The system is comprised of three types of equipment. The sensors which go into the roadway, a wireless access point, and detection cards which provide power to the AP via POE (power over ethernet). They go into great detail on how the equipment works and how they inter-relate, but fail to give even a single sentence on how to program it to accomplish the task.:laughing: They tell how to program the sensors, but fail to tell how to initially find and access the sensors with the access point. Took me a full day to accomplish that. They tell how to program the detection cards, but not how to assign sensors to the cards. Our system is using two cards linked together. After two days I finally have things talking, but both cards are acting as one and reading the same sensors. When programming, I can only find one card. I have a feeling it is an addressing issue with the cards so Monday's project is to try to figure out how you set the address on the cards. Again, no mention of addressing in the instructions.:confused2:
 
   / My wife's chickens are official taxpayers #52  
In Maryland, each local jurisdiction must annually set their tax rate at one of three levels:

Constant Rate: Property tax rate (millage) remains the same, often yielding higher total revenue due to increased appraised values

Constant Yield: Property tax rate changes (often lowers) as appropriate to garner the same total revenue as year prior

Something else: Often somewhere between constant rate and constant yield to garner the revenue needed to fund the budget.

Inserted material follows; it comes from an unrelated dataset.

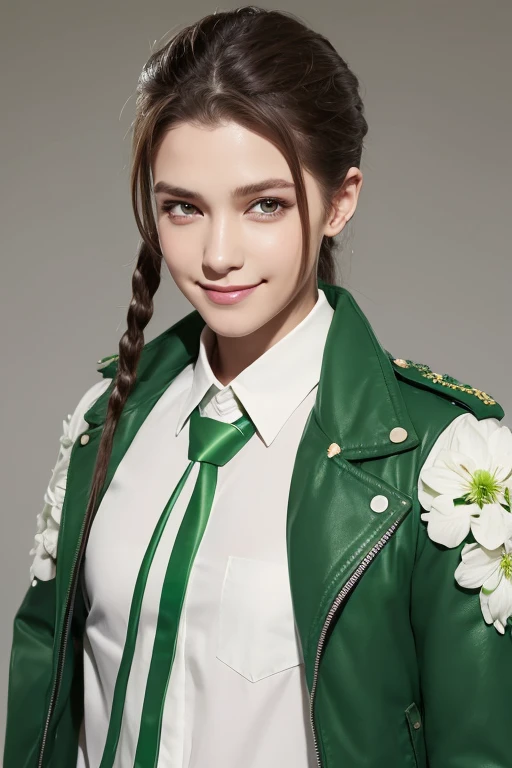  and then change,  brown ponytail,  white skin,  short man , green eyes, masterpiece, punk jacket,  white shirt,  green tie, Open shoulders, Open sleeves,  smiles lightly, flower, Quiet,  restrained , ( concept art)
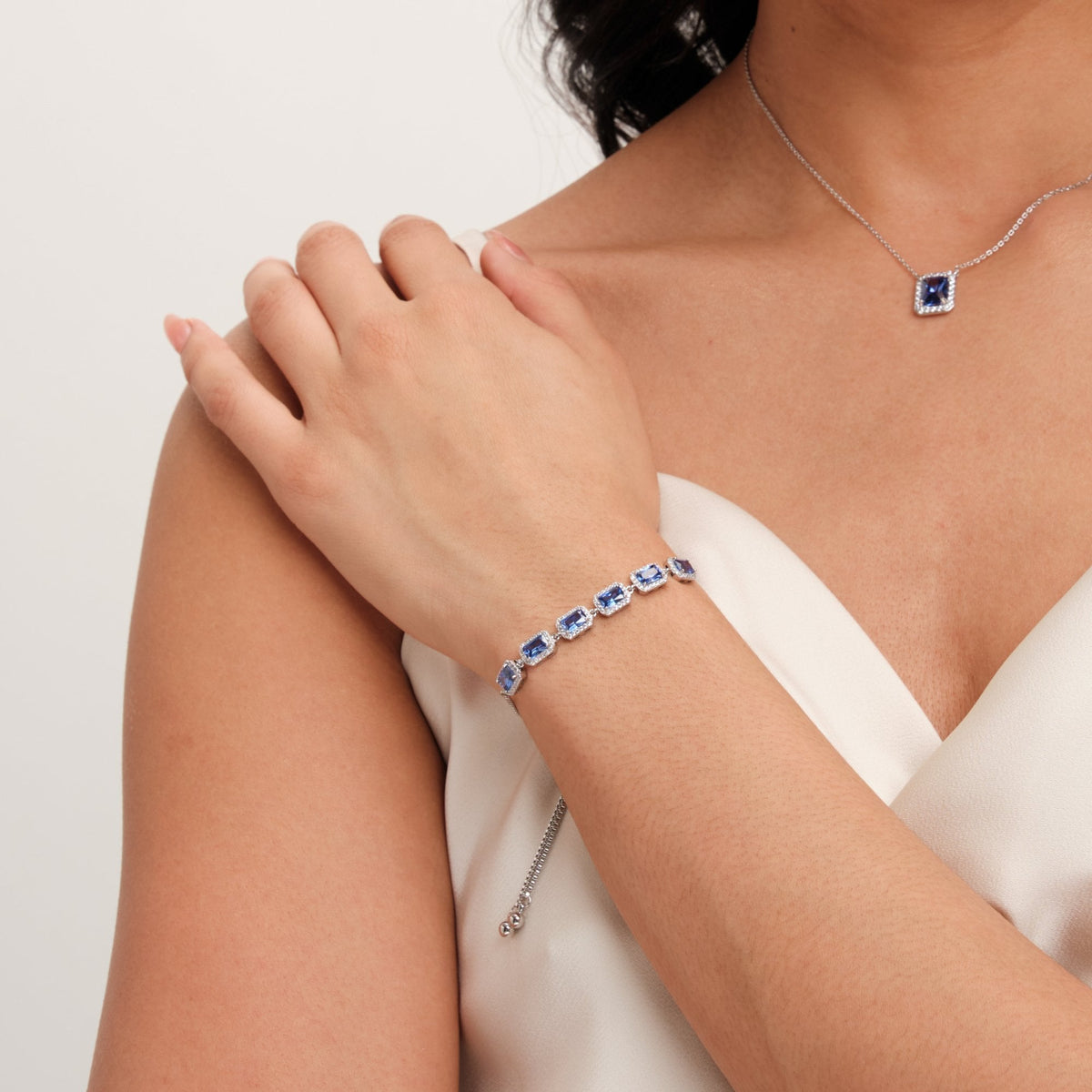 Jon Richard Rhodium Plated Cubic Zirconia Emerald Cut Sapphire Toggle Bracelet - Gift Boxed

Unfortunately, it is rare that the constant yield tax rate is used.

Mike

In many local jurisdictions in Texas, the taxing authority is permitted to adjust the rate as necessary along with the valuations, but must get permission from a state authority or voter approval before raising the rate above an established limit. This theoretically means they CAN lower the rate if valuations increase too much, but in practice they seldom do.

I can recall a conversation my dad had with the phone company back in the 70s regarding a $1.00 tax on his phone bill. It was labled "Allowed Tariff" on the statement, but had no other description. He called and asked about it and was told the State Regulatory board had approved the collection of the new fee, so they were collecting it. When he pressed them on why they were collecting it, the rep replied "Because we were told we could".

The bottom line is if they can get it from you, they will.
 
   / My wife's chickens are official taxpayers #53  
johnrex62 - In NYS this year's assessed values were set as of April 2010 - using this value (for my Township about $260,000,000 of which $224,000,000 is a wind farm on a PILOT (payment in lieu of taxes) so we actually use $36,000,000 when we set the tax rate) The Township is currently finalizing its budget, the school budget was set in May and the county is currently doing theirs. Each of these taxing jurisdictions uses the April 2010 assessed value to set its tax rate. The chicken coop or a $2,000,000 mansion that is included in the April 2010 valuation will decrease the tax rate - its omission would increase the tax rate. The amount each taxing jurisdiction remains at the level of the budget.

Do you have first hand experience that a greater assessed value will result in a budget surplus? Its hard to believe that assessed value is adjusted after the tax rate is set - seems like a real problem. I have been on two different town boards and involved with school and county politics enough to know that it doesn't happen that way in NYS.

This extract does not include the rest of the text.